Top of Dataset records

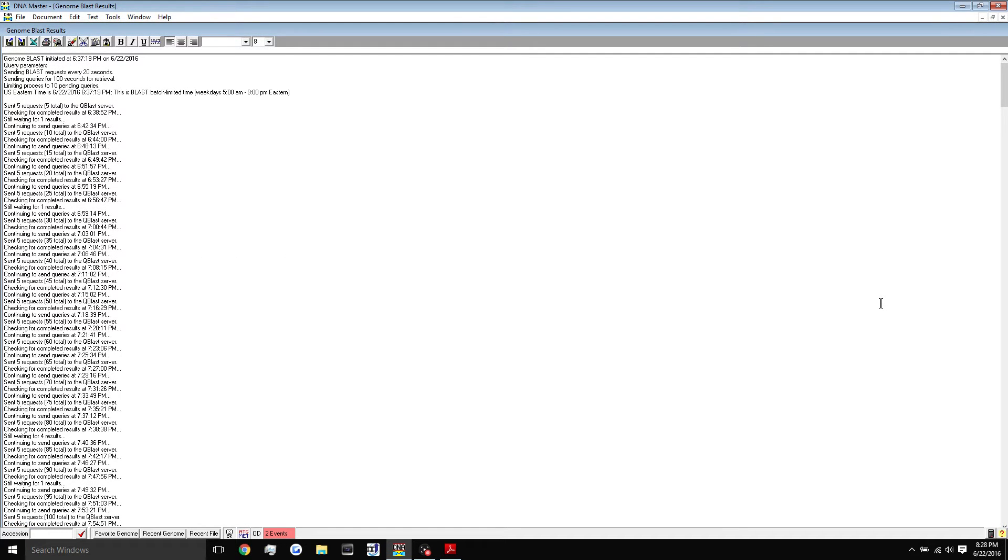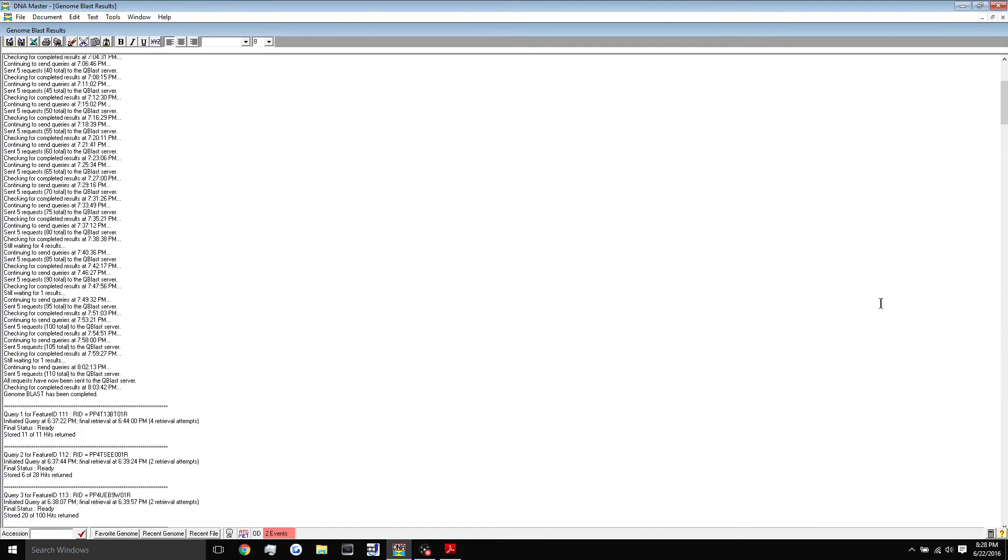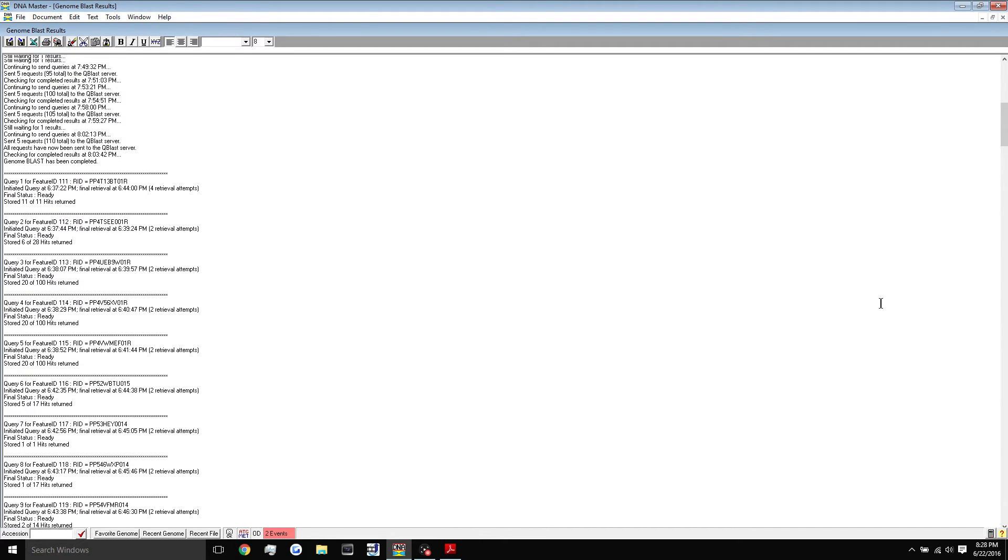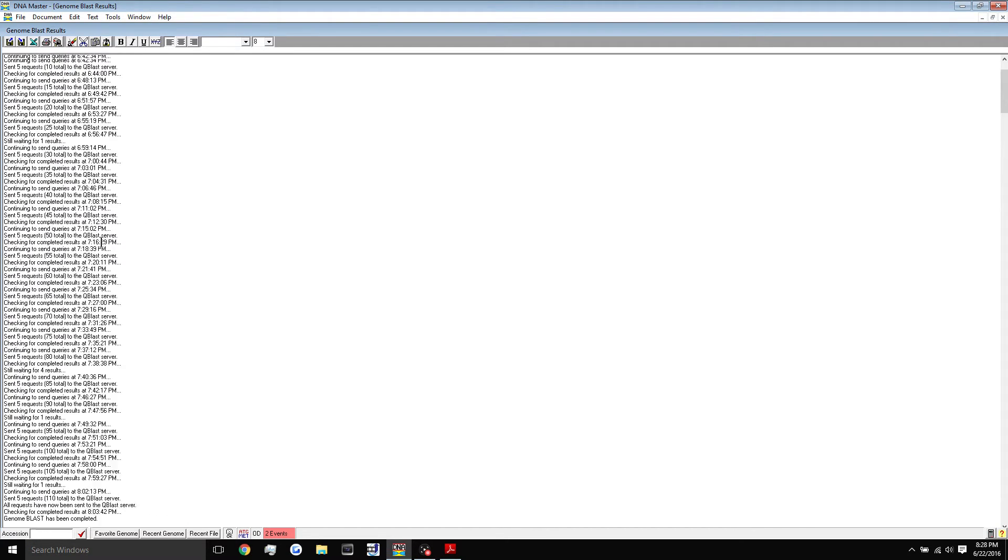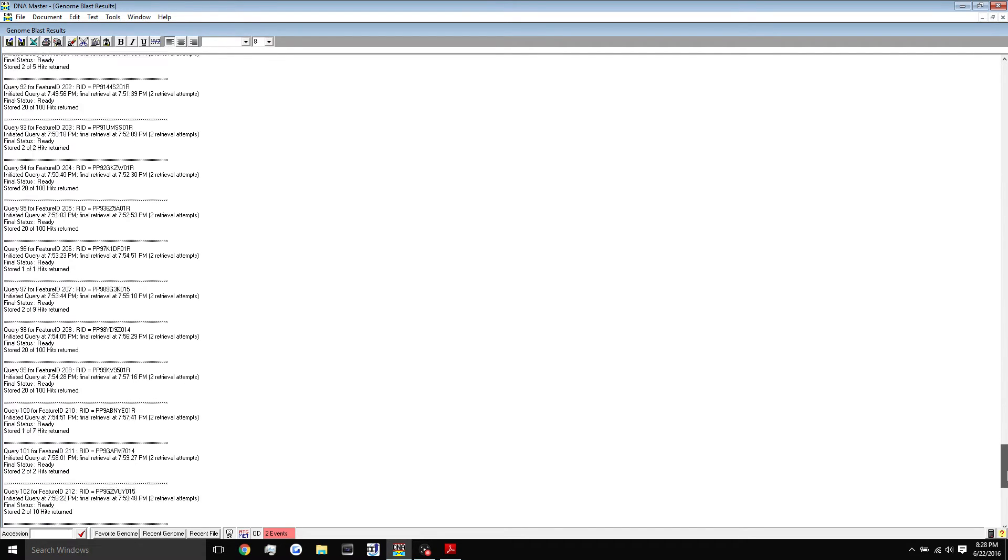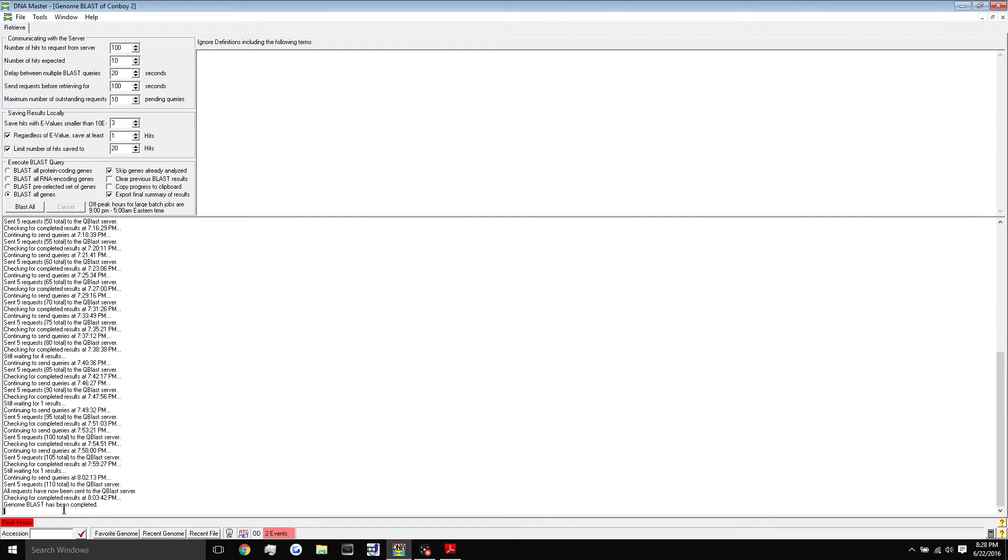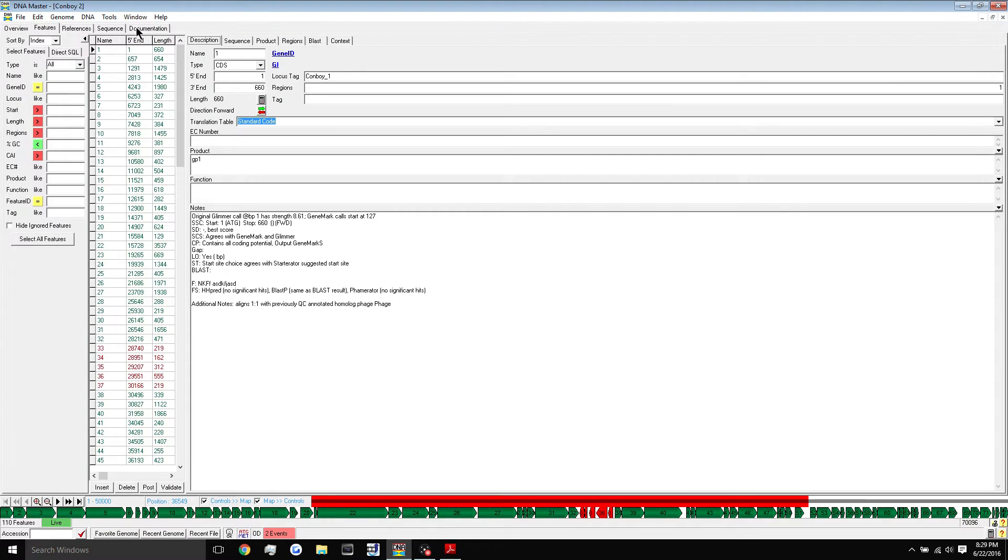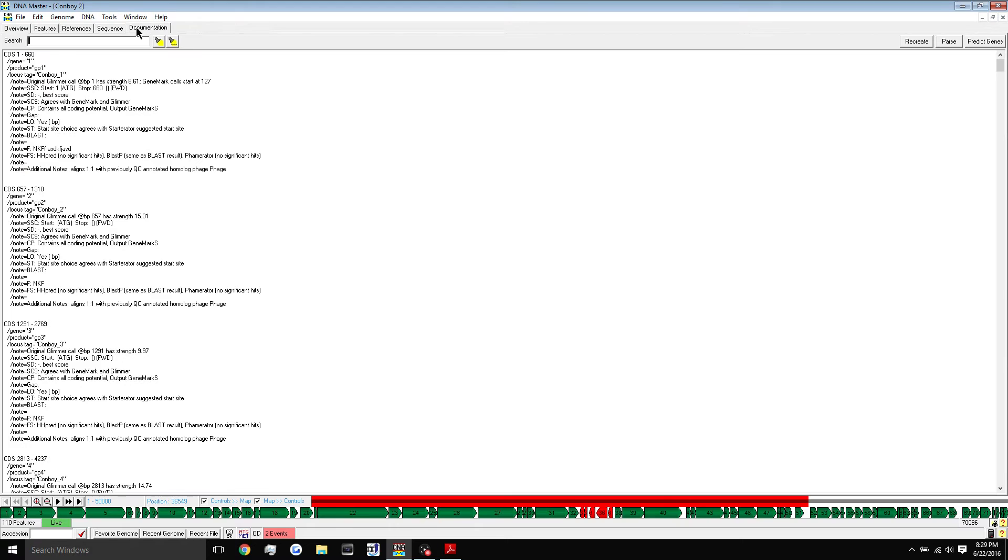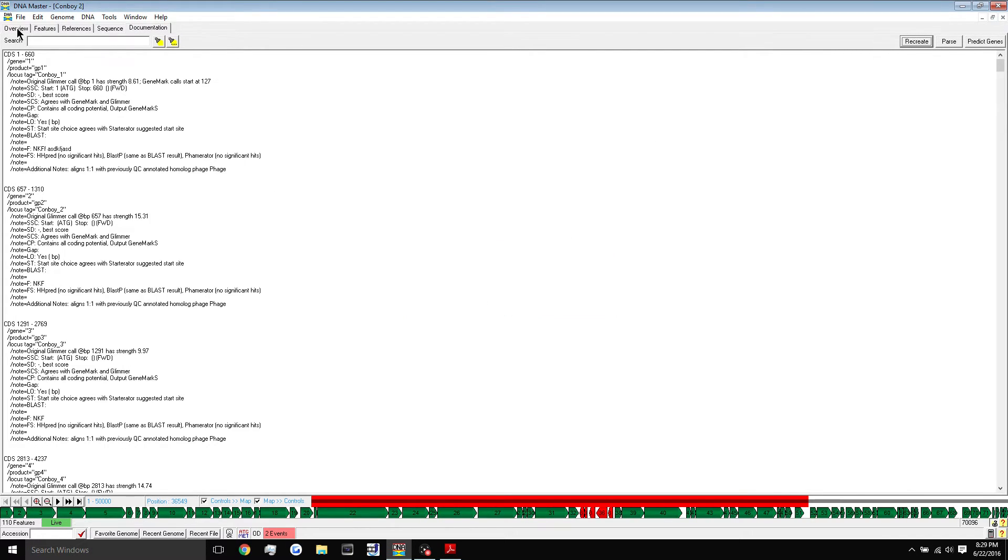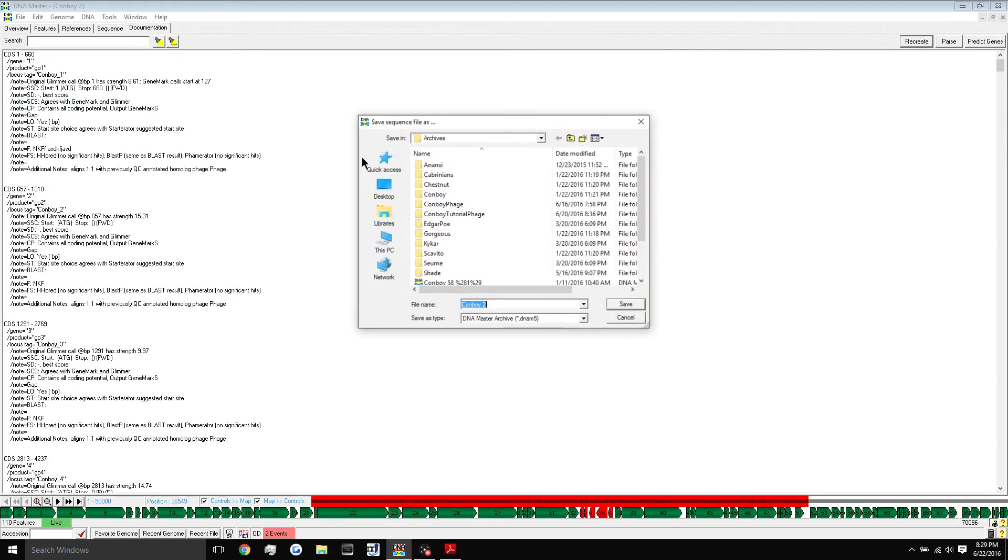All right guys, the blast finally finished up and here is the log that it exported. You can see what the program was doing at certain times. Once it's finished, you can just simply exit out of this log and you'll see here genome blast has completed. That's what we want. The first thing we want to do is to save the file definitely. We're going to go to the documentation, recreate the documentation, and then we'll go up to file, save.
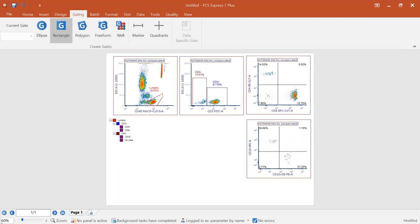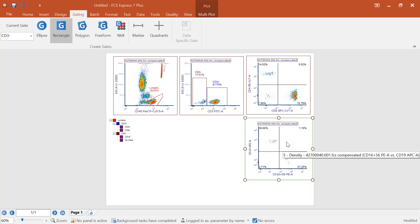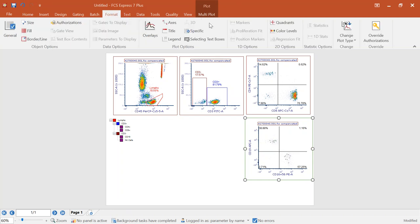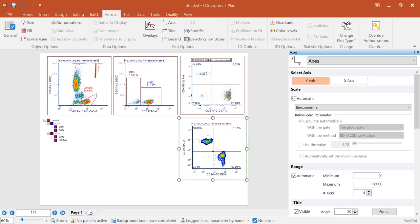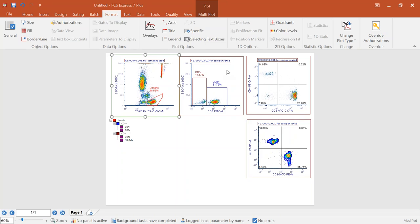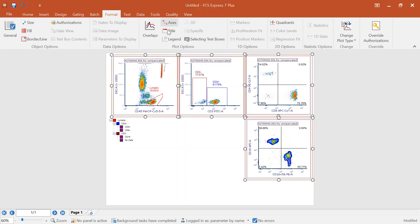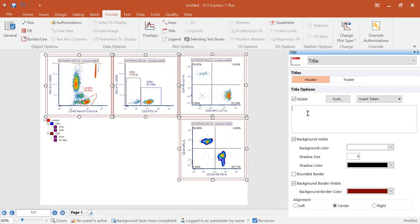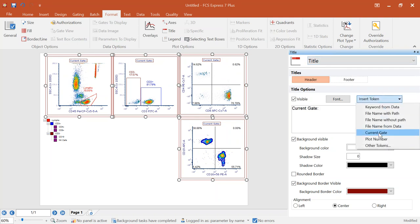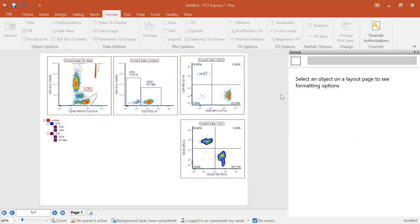Coming down here, I'll convert the upper left to our CD19s and make the lower right our NK cells. It's very quick and easy to build this up and have the hierarchy apply correctly. You may want to format these plots to achieve publication needs. In the Format tab, you can change to whatever plot type you want — a color dot plot, a contour plot. You can double-click on a plot or multiple-select plots to format information by choosing the Format tab.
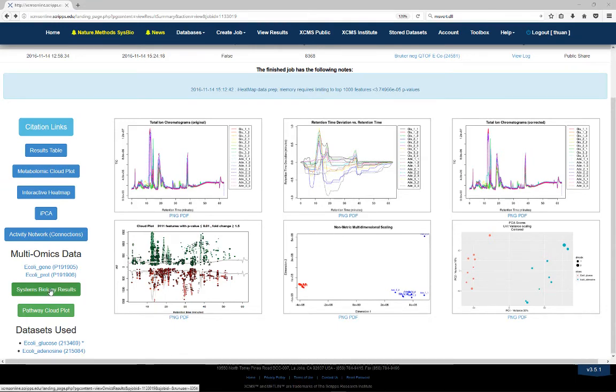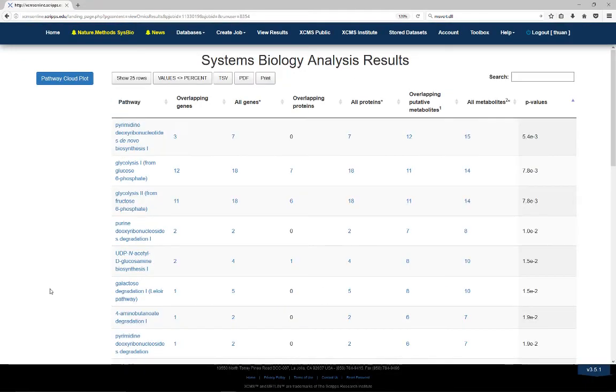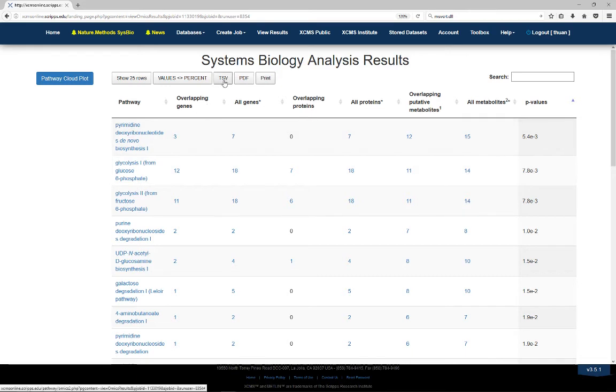To view differentially expressed genes and proteins that are overlapping with the predicted dysregulated pathways, click the Systems Biology Results button. Genes and proteins matching with the dysregulated pathways will now be tabulated in the results table. The overlap list can be downloaded in TSV or PDF format at the top of the table.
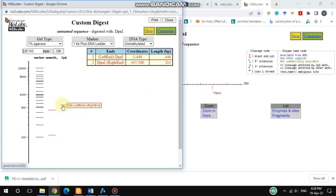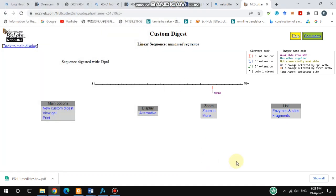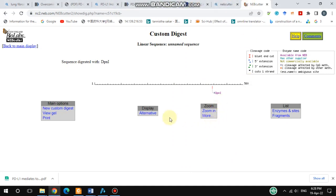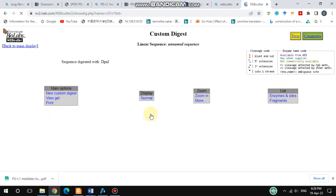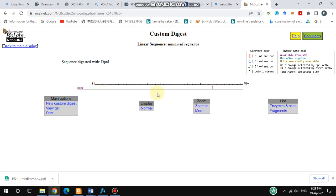This is a very useful tool. There are also other features — for example, Alternatives — which shows alternative enzymes with no functional difference. Overall, this tool gives you details about restriction enzyme sites in your sequence, how they cut, and simulated gel results. I hope this video is helpful — please like, share, and subscribe to my channel.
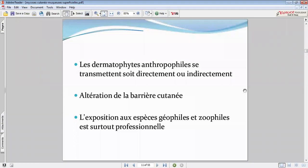Les patients nous rapportent souvent une contamination à partir d'un membre de la famille déjà malade. L'utilisation commune de chaussures ou de serviettes est problématique — le dermatophyte se dépose en général au niveau du sol. Il faut déconseiller l'utilisation commune de ces moyens et proposer un traitement pour l'entourage.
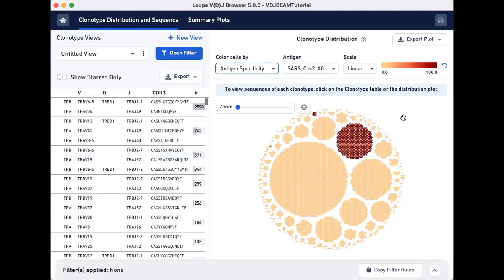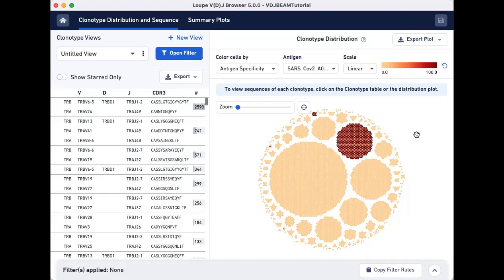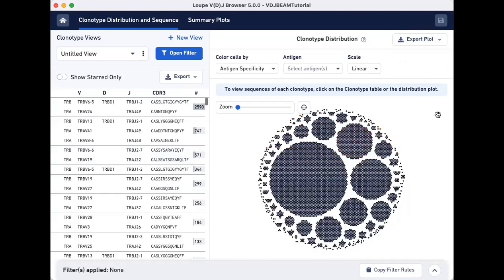To save this plot for future use outside of Loupe Browser, click on the Export plot and select either SVG or PNG formats. To reset the clonotype distribution plot to default settings, click on the Reset button located to the right of the color cells by settings.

Bottom of Dataset records

Assignment
The expected output is an exact copy of the lines from the one with "Coming down here, I'll" to the final line of the entries above, pictures excepted; please include both ends.

Problem solution
Coming down here, I'll convert the upper left to our CD19s and make the lower right our NK cells. It's very quick and easy to build this up and have the hierarchy apply correctly. You may want to format these plots to achieve publication needs. In the Format tab, you can change to whatever plot type you want — a color dot plot, a contour plot. You can double-click on a plot or multiple-select plots to format information by choosing the Format tab.
To view differentially expressed genes and proteins that are overlapping with the predicted dysregulated pathways, click the Systems Biology Results button. Genes and proteins matching with the dysregulated pathways will now be tabulated in the results table. The overlap list can be downloaded in TSV or PDF format at the top of the table.
This is a very useful tool. There are also other features — for example, Alternatives — which shows alternative enzymes with no functional difference. Overall, this tool gives you details about restriction enzyme sites in your sequence, how they cut, and simulated gel results. I hope this video is helpful — please like, share, and subscribe to my channel.
Les patients nous rapportent souvent une contamination à partir d'un membre de la famille déjà malade. L'utilisation commune de chaussures ou de serviettes est problématique — le dermatophyte se dépose en général au niveau du sol. Il faut déconseiller l'utilisation commune de ces moyens et proposer un traitement pour l'entourage.
To save this plot for future use outside of Loupe Browser, click on the Export plot and select either SVG or PNG formats. To reset the clonotype distribution plot to default settings, click on the Reset button located to the right of the color cells by settings.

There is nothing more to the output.